## [Exercise objective]
When the line with "Green Tone Tropical Self adhesive wallpaper" is reached, include it and stop; before that, copy each line of the listing exactly from the first.

## [Extracted data]

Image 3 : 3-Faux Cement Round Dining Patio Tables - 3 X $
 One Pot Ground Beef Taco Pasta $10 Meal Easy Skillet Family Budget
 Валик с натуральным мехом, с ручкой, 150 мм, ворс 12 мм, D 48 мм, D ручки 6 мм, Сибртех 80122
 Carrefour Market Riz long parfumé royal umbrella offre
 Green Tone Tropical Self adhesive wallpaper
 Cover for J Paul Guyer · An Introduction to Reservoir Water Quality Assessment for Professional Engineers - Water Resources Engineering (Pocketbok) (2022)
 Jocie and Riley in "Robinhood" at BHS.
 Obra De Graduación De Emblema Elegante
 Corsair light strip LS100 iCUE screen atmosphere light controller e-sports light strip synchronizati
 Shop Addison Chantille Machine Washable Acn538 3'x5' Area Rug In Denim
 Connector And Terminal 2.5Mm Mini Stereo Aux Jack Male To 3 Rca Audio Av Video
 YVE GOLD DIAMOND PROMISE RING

## [Response box]
Image 3 : 3-Faux Cement Round Dining Patio Tables - 3 X $
 One Pot Ground Beef Taco Pasta $10 Meal Easy Skillet Family Budget
 Валик с натуральным мехом, с ручкой, 150 мм, ворс 12 мм, D 48 мм, D ручки 6 мм, Сибртех 80122
 Carrefour Market Riz long parfumé royal umbrella offre
 Green Tone Tropical Self adhesive wallpaper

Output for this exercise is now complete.